• The guests were a part of the facility's overnight campout events
  • Daytime guests don't need to be concerned because bats are nocturnal
  • The zoo has moved the camping activities elsewhere

People who were potentially exposed to a rabid bat while spending the night at a zoo in Nebraska are now being advised to get rabies shots.

In a statement that was released Friday, Omaha's Henry Doorly Zoo and Aquarium noted that it has recommended 186 campers as well as some of its staff members to get rabies shots because of possible exposure to a rabid, wild bat, reported AP News.

According to the zoo, a camper reported to the camp leader on July 4 that she had woken up to find a wild bat flying around her head. The camper reportedly did not get scratches or bites, but zoo workers ended up collecting seven wild bats inside the Scott Aquarium, where several overnight campouts were held.

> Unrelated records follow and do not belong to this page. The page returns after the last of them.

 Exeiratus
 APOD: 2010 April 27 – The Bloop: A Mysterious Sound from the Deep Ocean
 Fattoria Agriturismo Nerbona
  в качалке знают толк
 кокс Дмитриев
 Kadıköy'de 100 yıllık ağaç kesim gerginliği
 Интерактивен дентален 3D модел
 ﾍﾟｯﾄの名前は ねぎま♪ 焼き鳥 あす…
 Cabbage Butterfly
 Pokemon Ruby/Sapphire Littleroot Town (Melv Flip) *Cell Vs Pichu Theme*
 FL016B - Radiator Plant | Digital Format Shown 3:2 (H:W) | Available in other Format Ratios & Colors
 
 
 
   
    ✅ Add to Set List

The Douglas County Health Department was notified of the possible exposure and the bats were sent to the University of Nebraska-Lincoln's Veterinary Diagnostic Center for testing. This revealed that one of the bats was positive for rabies.

As such, the youth and adult guests at the overnight camp events on June 29-30 and July 2-3 were informed of the possible exposure and recommended to get rabies shots. They were also offered refunds and given information on how to get post-exposure prophylaxis (PEP). This is based on the Centers for Disease Control and Prevention's (CDC) recommendation that anyone who is not completely conscious while in the presence of a wild bat should get the PEP in case they had contact with the creature, KMTV said in a report.

"Postexposure prophylaxis can be considered for persons who were in the same room as a bat and who might be unaware that a bite or direct contact had occurred (e.g., a sleeping person awakens to find a bat in the room or an adult witnesses a bat in the room with a previously unattended child, mentally disabled person, or intoxicated person) and rabies cannot be ruled out by testing the bat," the CDC noted.

The zoo clarified that the guests who visited the zoo during the day don't need to worry because bats are nocturnal, and are, therefore, only active at night. It has also moved the camping activities elsewhere, adding that zoo staff did not find evidence of "long-term roosting" at the aquarium.

The zoo also explained that the bats, which were identified to be "little brown bats," were wild ones and not a part of the zoo's "collection." Noting that such bats are "common" in Nebraska, the facility's Animal Health Director, Dr. Sarah Woodhouse, cautioned against getting in contact with the creatures.

"It is not unusual for a wild bat to be infected with rabies, which is why you should never directly touch a wild bat," Woodhouse said as per AP News.

Those who have questions about coming in contact with a wild bat are being advised to contact the Nebraska Humane Society, which responds to wildlife calls about animals that appear sick or injured.